Karaduman’ın söyledikleri yabana atılmamalı. Devletin, daha doğrusu devlet gücünü kullanan bürokratik güç merkezlerinin, ellerindeki iktidarın/gücün bir kısmından dahi fedakarlık etmeyeceğini bilmek gerek. Nietzsche’ye kulak vererek, devletin bu konuda insanların gözünün içine baka baka yalan söylediğini düşünebiliriz. Bu perspektiften bakıldığında, derin devlet denen şey aslında tıpkı Anayasa Mahkemesi, Genelkurmay Başkanlığı ya da Danıştay gibi bir kamu kurumu. Onlardan tek farkı somut bir iktidar yapısı ve hizmet binası yok (ya da biz bilmiyoruz). Tüm kamu kurumlarında olduğu gibi “Derin Devlet Genel Müdürlüğü ya da Müsteşarlığı”nda da son yıllarda bir bürokratik değişim yaşanıyor. Bu bürokratik değişim, hem kadrolarda hem de kurumun izlediği politika ve kendisine çizdiği stratejilerde göze çarpıyor. Derin devletin yeni genel müdür ya da müsteşarı ve onun ekibi kurum içindeki “çürük” ya da “paslanmış” unsurları feda ediyor ve ayıklıyor. İkinci olarak da bu “çürük” kadroların demode ve oldukça vahşi yöntemlerini terk edecekler. Kan ve terör olaylarını doğrudan tırmandıracak yöntemler yerine daha çağdaş ve modern yöntemleri kullanacak yeni bir yapılanma söz konusu gibi görünüyor. Belki de artık bu tür uygulamalar yerine ekonomi ve sivil örgütlenme alanlarında yeni yöntemlerle karşımıza çıkacaklar: Yepyeni, tertemiz ve yıpranmamış bir derin devlet örgütlenmesi. Hal böyle olunca şu anda kamuoyunda derin devlete, çetelere, kan ve terör olaylarının organizatörlerine yönelik açık duruşuyla izlediğimiz bir kısım kanaat önderlerinin saf değiştireceği ve “bizim derin devletimiz çok güzel ve tertemiz” diyeceği bir sürecin bizi beklediğini düşünüyorum. Olayı böyle yorumladığımızda bunu başlatanların bu cesareti nereden aldıklarını, nasıl bu kadar büyük düşünebildiklerini, bağlantıları kurabildiklerini, silahların ve suikast planlarının nasıl bu kadar kolaylıkla ele geçirilebildiğini anlamak mümkün.

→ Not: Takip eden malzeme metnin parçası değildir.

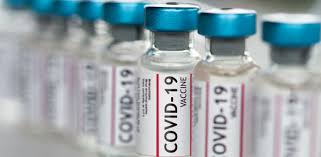 The vaccine is contraindicated in case of severe allergic reaction to vaccine component or following a prior dose. Covid 19 After 13 Deaths Post Vaccination Doctors Urge Health Ministry To Investigate Deccan Herald
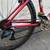 TREK Adult/Teen Bike 26" wheels 3 thumbnail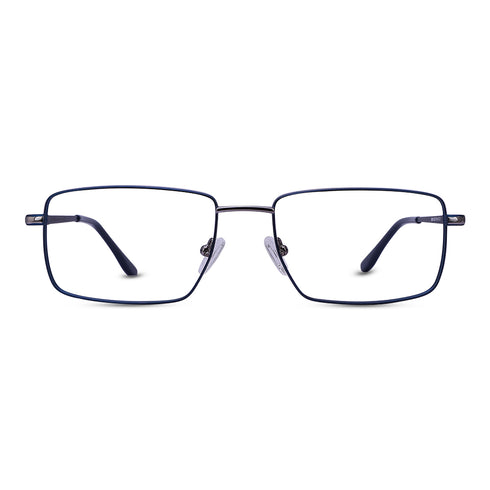 Marvin Moo - Sirocco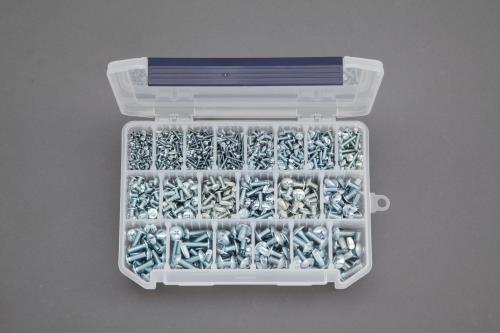 Hardware / Building Materials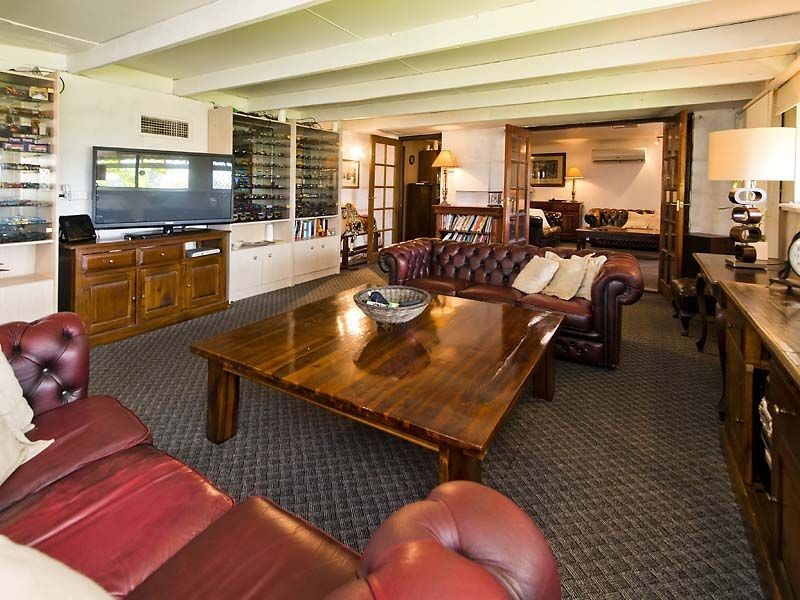 96 Southern River Road, Gosnells WA 6110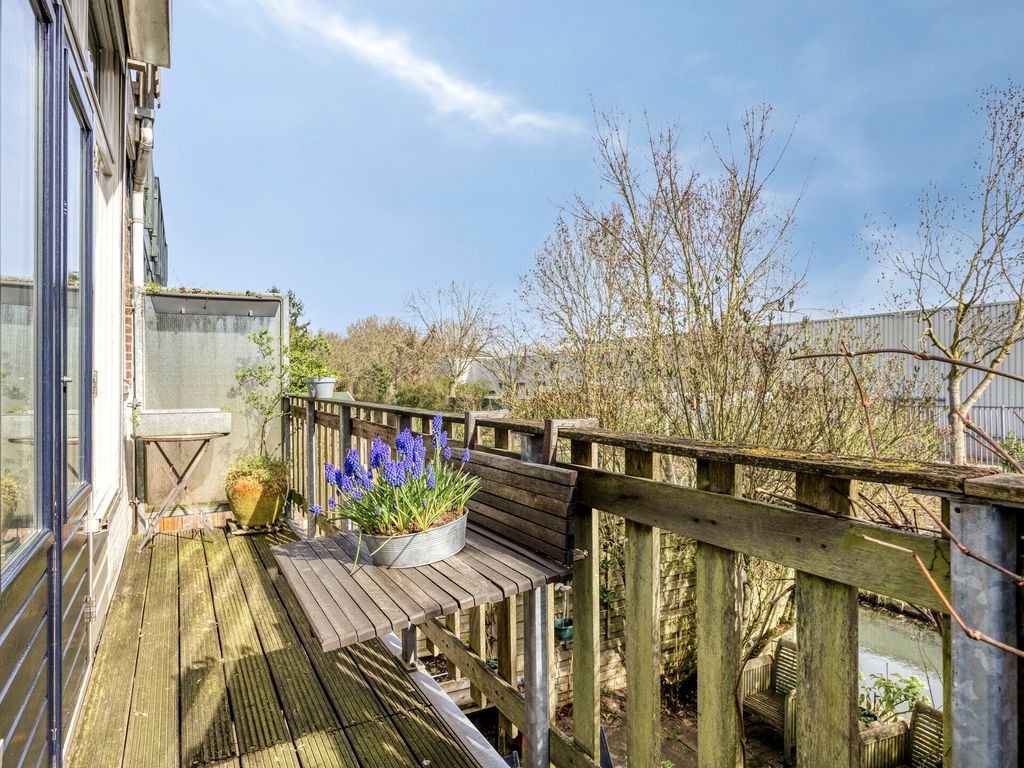 Reijerwaardseweg 40, Barendrecht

Öyle anlaşılıyor ki, Ergenekon, Susurluk, Encümen-i Daniş ya da ortaya çıkabilecek diğer yeni isimler sadece buzdağının görmemize izin verilen kısmı. Asıl “derin”e ulaşacak güce sahip kadrolar, maalesef henüz ufukta görünmüyor. Daha korkuncu ise bu sürecin derin devletin varlığı ve gerekliliğini meşrulaştıracak sonuçlar doğurması. Umarız ki yargılama süreci sonunda derin devletin kan ve terör olaylarını organize eden “çürük meyveler”inin ayıklanması, geriye kalan devasa bedenin varlığı konusundaki kaygıları ve bunun ortadan kaldırılmasına yönelik çabaları sona erdirmez.